John terminó con esa filigrana retórica y hubo, desde luego, una salva de aplausos. Entonces Maya Toitovna se encaminó al estrado para presentar a Chalmers. Frank le lanzó una mirada secreta que le indicaba que no estaba de humor para bromas; ella entendió y dijo:
—Nuestro siguiente orador ha sido el combustible de nuestra pequeña nave —comentario que, de algún modo, fue recibido con una carcajada—. Para empezar, su decisión y energía son lo que nos ha traído a Marte, así que guarden las quejas que puedan tener para nuestro siguiente orador, mi viejo amigo Frank Chalmers.

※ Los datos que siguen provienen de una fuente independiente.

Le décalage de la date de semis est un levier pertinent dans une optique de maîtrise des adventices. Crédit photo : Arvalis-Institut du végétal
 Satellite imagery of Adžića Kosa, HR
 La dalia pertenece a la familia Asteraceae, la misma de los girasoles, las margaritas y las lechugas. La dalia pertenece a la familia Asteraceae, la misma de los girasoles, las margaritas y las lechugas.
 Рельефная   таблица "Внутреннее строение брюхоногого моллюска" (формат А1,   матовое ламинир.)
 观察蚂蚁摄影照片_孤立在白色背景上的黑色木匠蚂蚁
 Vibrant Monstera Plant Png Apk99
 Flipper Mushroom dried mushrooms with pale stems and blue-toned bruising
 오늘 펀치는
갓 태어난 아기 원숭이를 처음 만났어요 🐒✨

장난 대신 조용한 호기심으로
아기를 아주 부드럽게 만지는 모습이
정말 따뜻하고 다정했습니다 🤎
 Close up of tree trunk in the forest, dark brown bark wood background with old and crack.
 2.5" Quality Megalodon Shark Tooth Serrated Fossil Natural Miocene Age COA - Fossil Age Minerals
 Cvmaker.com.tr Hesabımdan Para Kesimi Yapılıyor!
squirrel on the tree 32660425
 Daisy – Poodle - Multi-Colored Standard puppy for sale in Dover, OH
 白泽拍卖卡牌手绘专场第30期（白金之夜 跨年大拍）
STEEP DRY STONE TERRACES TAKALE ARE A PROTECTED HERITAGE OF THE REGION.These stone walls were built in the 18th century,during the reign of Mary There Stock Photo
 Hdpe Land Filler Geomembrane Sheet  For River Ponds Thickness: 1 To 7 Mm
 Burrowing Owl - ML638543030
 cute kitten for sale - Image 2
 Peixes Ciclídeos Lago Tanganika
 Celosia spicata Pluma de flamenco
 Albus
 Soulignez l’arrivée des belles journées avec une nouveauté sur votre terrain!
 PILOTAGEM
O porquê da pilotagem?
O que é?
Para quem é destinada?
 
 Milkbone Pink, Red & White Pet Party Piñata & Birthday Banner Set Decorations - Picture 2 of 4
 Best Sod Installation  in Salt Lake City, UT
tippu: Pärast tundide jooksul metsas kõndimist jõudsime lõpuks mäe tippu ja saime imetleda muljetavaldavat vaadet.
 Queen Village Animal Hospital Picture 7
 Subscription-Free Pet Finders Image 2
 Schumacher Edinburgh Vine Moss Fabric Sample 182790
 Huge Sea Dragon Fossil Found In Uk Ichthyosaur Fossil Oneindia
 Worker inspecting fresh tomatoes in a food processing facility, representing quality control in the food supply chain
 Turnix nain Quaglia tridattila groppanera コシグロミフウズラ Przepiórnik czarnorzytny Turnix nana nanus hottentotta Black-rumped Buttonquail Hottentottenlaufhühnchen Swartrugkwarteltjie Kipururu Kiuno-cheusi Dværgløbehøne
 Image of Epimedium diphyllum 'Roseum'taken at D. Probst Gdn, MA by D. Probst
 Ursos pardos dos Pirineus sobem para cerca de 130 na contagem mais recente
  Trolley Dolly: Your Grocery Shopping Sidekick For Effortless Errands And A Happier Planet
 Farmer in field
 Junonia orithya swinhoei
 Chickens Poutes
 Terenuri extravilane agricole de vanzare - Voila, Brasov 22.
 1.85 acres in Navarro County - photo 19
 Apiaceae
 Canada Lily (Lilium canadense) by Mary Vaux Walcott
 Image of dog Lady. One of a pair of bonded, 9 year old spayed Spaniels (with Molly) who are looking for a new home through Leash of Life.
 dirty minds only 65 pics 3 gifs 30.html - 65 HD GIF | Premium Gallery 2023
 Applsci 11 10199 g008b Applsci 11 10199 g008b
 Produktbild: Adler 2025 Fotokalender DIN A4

En el estrado le sorprendió lo grande que parecía la ciudad. Abarcaba un largo triángulo, y se habían reunido en el punto más elevado, un parque que ocupaba el vértice occidental. Siete senderos partían de allí y descendían a través del parque y se convertían en amplios bulevares, bordeados de árboles y cubiertos de hierba. Entre los bulevares asomaban edificios bajos y trapezoidales, cada uno revestido de piedra pulida de diferentes colores. El tamaño y la arquitectura de los edificios daban a la escena un leve aire parisino, París vista por un fauvista ebrio en primavera, con cafés al aire libre y todo lo demás. Cuatro o cinco kilómetros más abajo, tres esbeltos rascacielos marcaban el límite de la ciudad y detrás se extendía el verdor de la granja. Los rascacielos eran parte del armazón de la tienda, que se desplegaba sobre ellos como un entramado abovedado de hilos celestes. El tejido invisible de la tienda les daba la impresión de que estaban al aire libre. Eso era oro. Nicosia iba a ser una ciudad popular.